* _What to work on_
When the line with "You're probably familiar" turns up below, begin repeating exactly, and carry on through the line with "In terms of the"; no pictures go into the copy.

── Data for the task ──

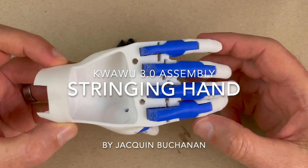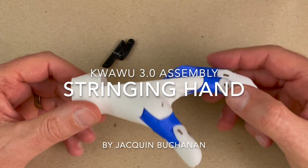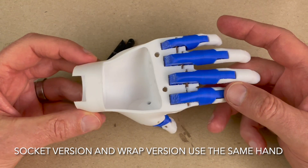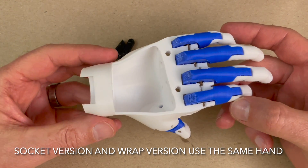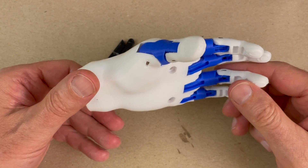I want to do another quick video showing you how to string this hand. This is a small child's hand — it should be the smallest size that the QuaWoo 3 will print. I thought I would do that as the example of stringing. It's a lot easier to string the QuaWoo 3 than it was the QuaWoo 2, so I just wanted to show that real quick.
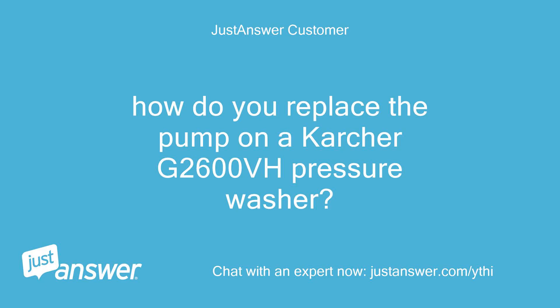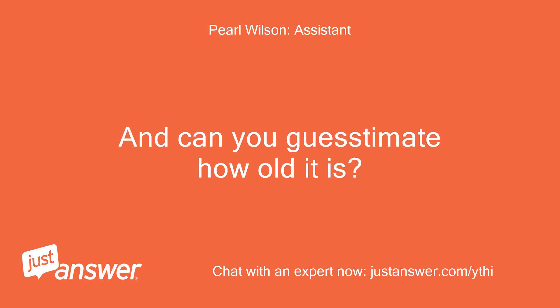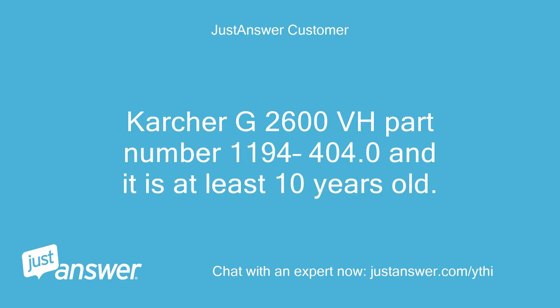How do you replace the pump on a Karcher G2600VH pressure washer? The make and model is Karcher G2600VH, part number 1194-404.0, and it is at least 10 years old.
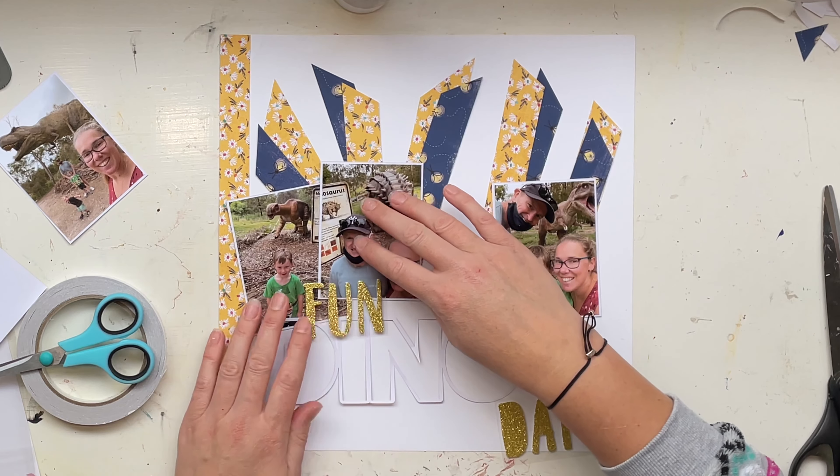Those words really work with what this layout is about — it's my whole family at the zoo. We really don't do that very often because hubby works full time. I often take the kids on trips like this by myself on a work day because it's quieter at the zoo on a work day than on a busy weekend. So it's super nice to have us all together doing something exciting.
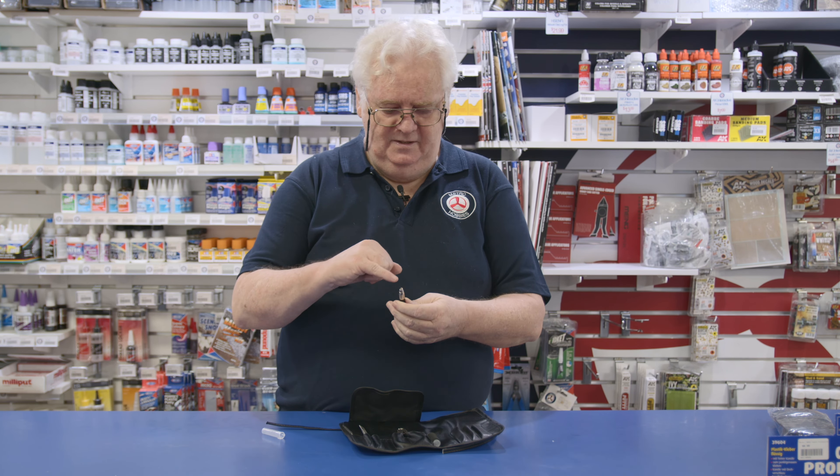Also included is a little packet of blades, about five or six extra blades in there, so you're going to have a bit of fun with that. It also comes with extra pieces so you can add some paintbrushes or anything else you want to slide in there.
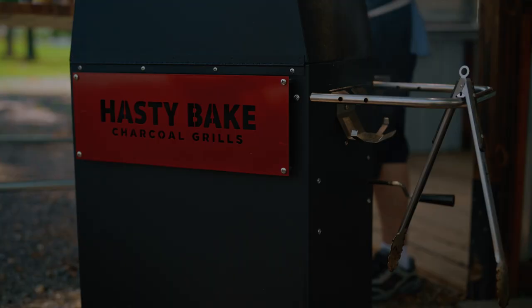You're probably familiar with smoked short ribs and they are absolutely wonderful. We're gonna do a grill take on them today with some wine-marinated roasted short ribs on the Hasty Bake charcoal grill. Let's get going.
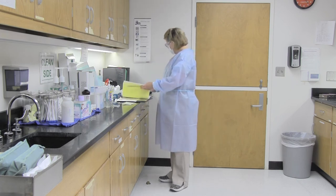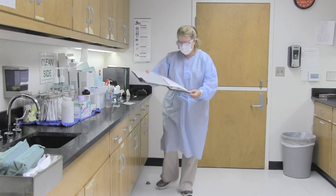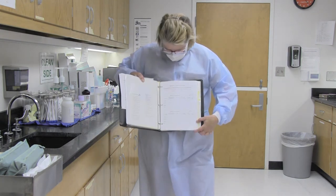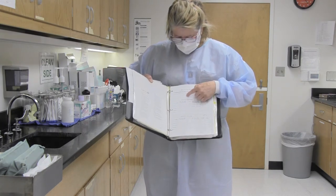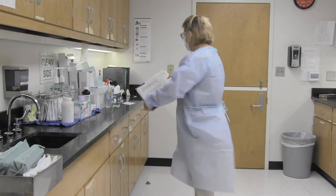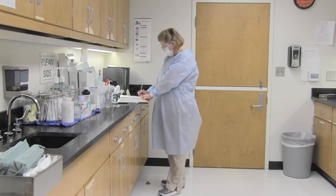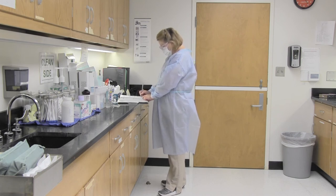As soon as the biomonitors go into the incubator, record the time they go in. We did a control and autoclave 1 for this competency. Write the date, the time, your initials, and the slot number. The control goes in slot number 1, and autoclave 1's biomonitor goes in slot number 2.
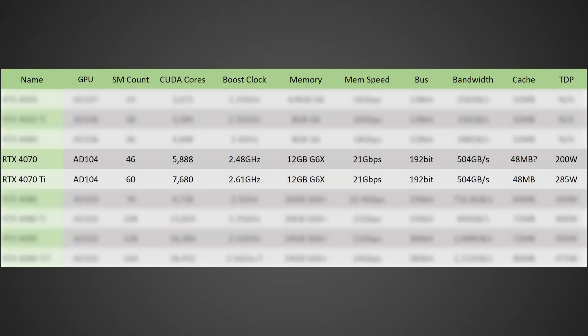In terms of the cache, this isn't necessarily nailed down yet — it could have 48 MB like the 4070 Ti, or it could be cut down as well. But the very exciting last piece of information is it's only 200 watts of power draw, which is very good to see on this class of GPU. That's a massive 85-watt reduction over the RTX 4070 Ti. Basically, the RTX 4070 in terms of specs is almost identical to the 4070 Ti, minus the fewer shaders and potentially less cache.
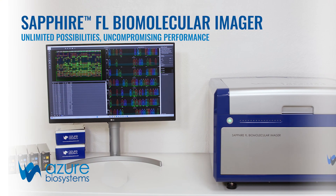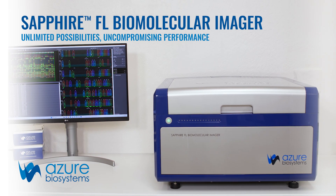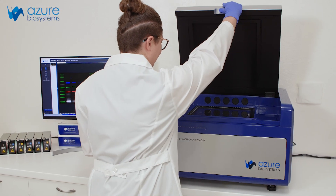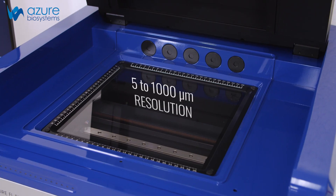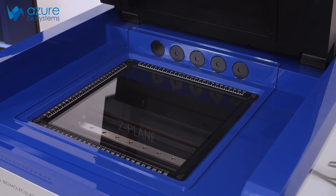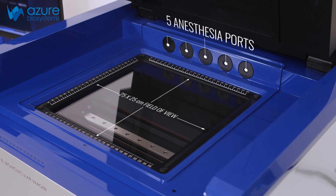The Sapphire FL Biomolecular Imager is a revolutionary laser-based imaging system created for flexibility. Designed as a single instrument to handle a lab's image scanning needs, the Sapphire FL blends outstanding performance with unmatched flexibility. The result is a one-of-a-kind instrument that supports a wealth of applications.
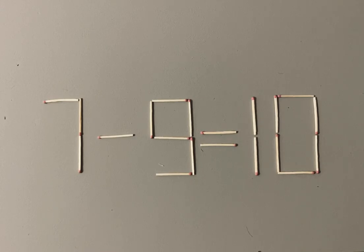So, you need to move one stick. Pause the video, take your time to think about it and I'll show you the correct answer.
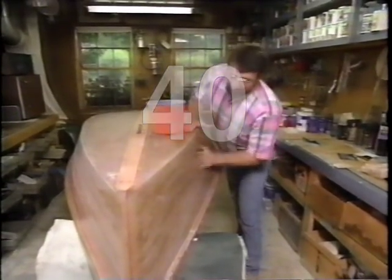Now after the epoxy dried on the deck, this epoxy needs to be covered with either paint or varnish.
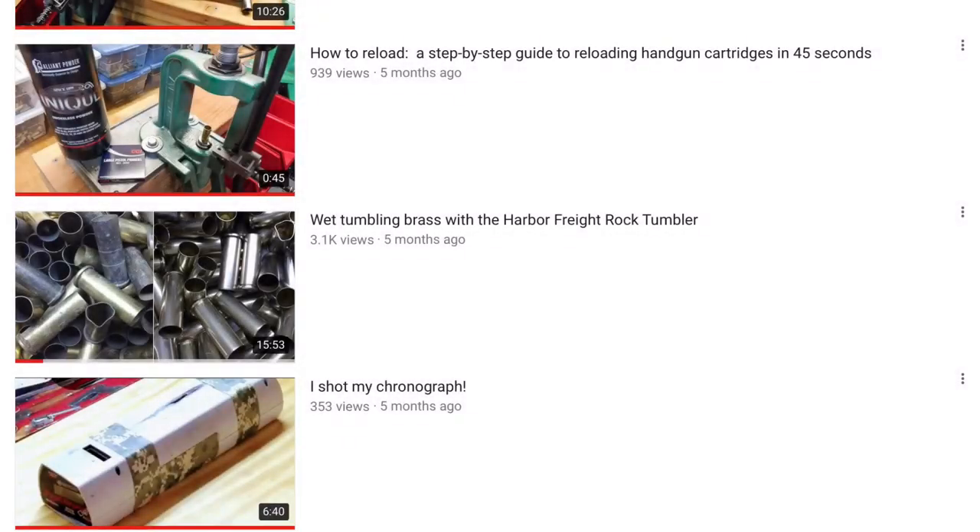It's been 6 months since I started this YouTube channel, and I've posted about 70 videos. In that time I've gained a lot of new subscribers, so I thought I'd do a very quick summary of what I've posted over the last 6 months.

───

* _Result for this exercise_
You're probably familiar with smoked short ribs and they are absolutely wonderful. We're gonna do a grill take on them today with some wine-marinated roasted short ribs on the Hasty Bake charcoal grill. Let's get going.
As soon as the biomonitors go into the incubator, record the time they go in. We did a control and autoclave 1 for this competency. Write the date, the time, your initials, and the slot number. The control goes in slot number 1, and autoclave 1's biomonitor goes in slot number 2.
In terms of the cache, this isn't necessarily nailed down yet — it could have 48 MB like the 4070 Ti, or it could be cut down as well. But the very exciting last piece of information is it's only 200 watts of power draw, which is very good to see on this class of GPU. That's a massive 85-watt reduction over the RTX 4070 Ti. Basically, the RTX 4070 in terms of specs is almost identical to the 4070 Ti, minus the fewer shaders and potentially less cache.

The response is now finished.